Sid: Tell me about your little baby, how do you pronounce her name?

Carol: Sinaiah.

Sid: Sinaiah. Does that have a meaning?

Carol: Sinaiah means mount of God, Mount Sinai.

Sid: Well she was born deaf with Down’s syndrome but you didn’t put up with that did you?

Carol: No. That was just a very awesome time. We had Sinaiah in 2003 January 3rd, and she was my promise baby I had been believing for little girl. We have 4 boys and I was believing for a little girl. I got pregnant at 40 and then the day I had her they came and they told me that she was Down’s syndrome and it devastated me. I literally almost lost my mind; the next day they came back and they told me that she was deaf. Immediately I came under attack that I wasn’t going to minister anymore I had no reason to be happy about God, but the Lord began to minister to me and tell me “That was an attack of the devil because he wanted to shut my mouth and take my praise away from God. He didn’t want me to give God anymore praise, and that if I got mad enough at God, if he took my promise and I got mad enough at God I wouldn’t tell nobody else about the goodness of God.” When I realized that was what the plot was about I got mad. I purposed in my heart that I would get even with the devil for trying to attack my child. The Lord spoke to me, He said “Everything that’s meant to be a problem if you go after what I intended you to go after which is so. You’re going to look back and everything about your daughter is going to change.” To this day my daughter is a walking, talking miracle, she is a sign and a wonder because I served notice on the devil that he would not steal my joy, he would not steal my praise.

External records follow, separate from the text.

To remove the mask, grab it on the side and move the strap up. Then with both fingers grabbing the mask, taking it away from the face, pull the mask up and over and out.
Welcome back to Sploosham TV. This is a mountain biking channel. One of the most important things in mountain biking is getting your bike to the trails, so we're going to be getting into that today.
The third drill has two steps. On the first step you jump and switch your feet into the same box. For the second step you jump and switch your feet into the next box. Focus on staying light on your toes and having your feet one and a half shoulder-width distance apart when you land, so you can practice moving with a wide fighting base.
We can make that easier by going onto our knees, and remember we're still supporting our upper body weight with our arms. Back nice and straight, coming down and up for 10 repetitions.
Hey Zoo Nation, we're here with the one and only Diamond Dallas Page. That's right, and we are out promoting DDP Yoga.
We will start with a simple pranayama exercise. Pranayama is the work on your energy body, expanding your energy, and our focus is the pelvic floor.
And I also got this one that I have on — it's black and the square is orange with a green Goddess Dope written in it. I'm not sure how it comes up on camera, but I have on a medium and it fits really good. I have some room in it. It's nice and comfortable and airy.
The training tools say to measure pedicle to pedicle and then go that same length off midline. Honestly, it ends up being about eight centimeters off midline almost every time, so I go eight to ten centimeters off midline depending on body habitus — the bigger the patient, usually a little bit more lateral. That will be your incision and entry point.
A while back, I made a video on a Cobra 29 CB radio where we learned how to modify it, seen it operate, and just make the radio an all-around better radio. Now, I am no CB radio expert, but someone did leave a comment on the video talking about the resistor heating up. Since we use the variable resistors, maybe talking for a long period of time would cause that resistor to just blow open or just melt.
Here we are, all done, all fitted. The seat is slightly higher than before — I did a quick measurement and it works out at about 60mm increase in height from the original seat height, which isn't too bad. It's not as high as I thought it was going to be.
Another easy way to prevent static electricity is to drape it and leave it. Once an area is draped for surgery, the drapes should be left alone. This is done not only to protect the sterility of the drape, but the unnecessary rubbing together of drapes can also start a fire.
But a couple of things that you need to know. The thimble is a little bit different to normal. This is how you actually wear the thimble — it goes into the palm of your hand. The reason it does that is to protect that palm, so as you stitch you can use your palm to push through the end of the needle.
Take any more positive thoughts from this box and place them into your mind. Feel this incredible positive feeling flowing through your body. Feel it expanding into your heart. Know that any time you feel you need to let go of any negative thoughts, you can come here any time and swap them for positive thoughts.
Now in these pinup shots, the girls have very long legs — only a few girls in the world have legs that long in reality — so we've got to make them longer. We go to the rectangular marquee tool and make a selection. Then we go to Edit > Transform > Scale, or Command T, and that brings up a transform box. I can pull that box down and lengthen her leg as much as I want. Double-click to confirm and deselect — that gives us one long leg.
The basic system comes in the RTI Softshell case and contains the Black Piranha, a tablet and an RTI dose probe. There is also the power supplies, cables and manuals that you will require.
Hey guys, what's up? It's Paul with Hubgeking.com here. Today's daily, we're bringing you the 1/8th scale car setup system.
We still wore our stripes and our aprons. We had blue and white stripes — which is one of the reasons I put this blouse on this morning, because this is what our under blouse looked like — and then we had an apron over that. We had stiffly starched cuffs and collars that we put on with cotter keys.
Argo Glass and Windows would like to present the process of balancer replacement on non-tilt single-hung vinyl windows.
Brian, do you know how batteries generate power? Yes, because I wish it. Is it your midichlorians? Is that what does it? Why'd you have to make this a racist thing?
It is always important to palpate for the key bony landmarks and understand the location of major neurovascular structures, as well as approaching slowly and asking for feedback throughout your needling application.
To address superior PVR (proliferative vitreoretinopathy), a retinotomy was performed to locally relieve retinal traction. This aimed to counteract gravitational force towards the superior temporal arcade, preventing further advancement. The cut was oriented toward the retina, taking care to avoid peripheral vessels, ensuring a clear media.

Sid: Question, is she deaf?

Carol: No she is not.

Sid: Is she having Down’s syndrome?

Carol: She is not. Matter of fact, about 8 or 9 months after she was born we went to the doctor and the doctor said these were the… she gave me a list of the diagnosis’ and the prognosis’ of what the complications were going to be for the rest of Sinaiah’s life. She said “But I’ve got to show you her paperwork now.” She showed me a list she said “This baby and that baby are not the same baby. This is not the same child.”

Sid: You know Carol you and your husband have the most amazing ministry. You are reaching Muslims, you’re reaching drug addicts, you’re reaching pimps and prostitutes. I’m going to tell you something your testimony is going to reach more people for Jesus, and I’m so grateful that you and your husband have been on.